Lehman’s collapse was the biggest single moment of the financial
crisis.

REUTERS/Kevin
Coombs


  • An overlooked area of the debt markets has “eerie
    similarities” to the 2008 sub-prime mortgage crisis.
  • Mark Zandi, the chief economist at the analytics arm of
    the ratings agency Moody’s, argued that rising risk taking and
    falling standards of underwriting in the corporate bond and
    leveraged debt space are a big threat.
  • The amount of leveraged loans to non-financial
    companies has now risen to around $1.4 trillion.
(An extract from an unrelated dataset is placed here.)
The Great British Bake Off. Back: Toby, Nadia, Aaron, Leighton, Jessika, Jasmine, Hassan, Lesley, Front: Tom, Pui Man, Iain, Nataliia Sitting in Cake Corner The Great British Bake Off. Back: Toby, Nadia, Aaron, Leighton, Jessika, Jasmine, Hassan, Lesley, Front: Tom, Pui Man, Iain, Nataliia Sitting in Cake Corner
Wall Street may have just seen US stocks enter their longest bull
market in history, but there are “eerie similarities” between one
area of the market and the sub-prime mortgage crisis that
triggered the last crash in 2008, according to research from the
ratings agency Moody’s.


Writing this week,
Mark Zandi, the chief economist at the
analytics arm of Moody’s, argued that rising risk taking and
falling standards of underwriting in the corporate bond and
leveraged debt space are, at least partially, analogous to what
happened in 2007 and 2008.

Noting that we are very much in the midst of the boom period of
the business cycle, Zandi argued that such phases are generally
characterised by “excessive risk-taking somewhere in the
financial system.”

“This fuels the boom and is eventually at the center of the
subsequent bust,” he said. …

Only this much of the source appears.